I haven’t visited this code in a while but is the request body creator only called during the very first request creation?

Hi Calvin,

From what I can see, when replicating the WebSocket initial connection with Postman, the auth token is not required in the connection payload but only as a header on the request. This is due to the AppSync protocol.

As you mentioned, the problem is that the request body creator is computed only once when the Apollo client is created. My colleague on Android doesn’t have this issue; I was investigating Apollo-Kotlin, and from this file (line 41), the authentication object is computed multiple times.

Do you think it is somehow possible to align the behavior to that of Android?

So are you using the request headers in your request body creator to build extensions.authorization? That would make sense why changing the headers has no effect on the request body - is that right?

@calvincestari i think the same “refreshed” accessToken should be used to update both the header values (via updateHeaderValues) and the request body creator, but i cannot find a way to update the latter. I tried with updateConnectingPayload but viewing the source code is no the right call.

I don’t think it’s about aligning behaviour with Apollo Kotlin but rather deciding whether it’s correct to call the request body creator on each reconnect. Being able to update the request headers, and that in turn reconnecting, would hint that the request body creator should maybe be called again too.

A possible solution could be to have an updateRequestBodyCreator on the web socket transport (like updateHeaderValues) or to call

requestBody<Operation: GraphQLOperation>(for operation: Operation, sendQueryDocument: Bool, autoPersistQuery: Bool) -> JSONEncodableDictionary

of the custom request creator when a disconnection occurs.

I’m going to look into this today. I think it might be OK to just call the existing request body creator again on reconnect instead of a new function to set a new request body creator when that isn’t what we’re actually wanting.

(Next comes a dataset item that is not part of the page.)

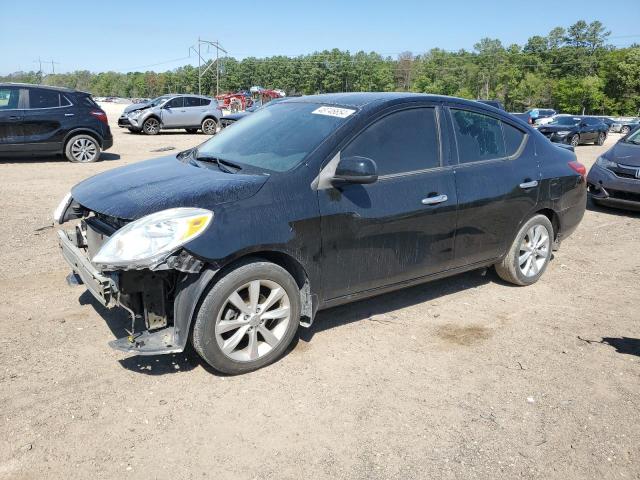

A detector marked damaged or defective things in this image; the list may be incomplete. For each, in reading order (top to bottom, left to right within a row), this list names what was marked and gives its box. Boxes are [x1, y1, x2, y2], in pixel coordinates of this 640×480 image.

I spent some time on this today and it doesn’t seem appropriate to recreate the message body on a reconnect. If you look here you will see that the message is stored for the request id, and then on reconnect all stored messages are resent. This makes sense because message bodies shouldn’t change. The fact that AppSync wants auth data in payload.extensions is very specific to their way of handling those messages.

Being able to update the header values and connecting payload is kinda OK because that data is used for the whole websocket connection before any individual messages have been sent.

I think your best option is to close the subscription and resubscribe. It’s not great but this is the workaround you’ll need to use with AppSync unfortunately.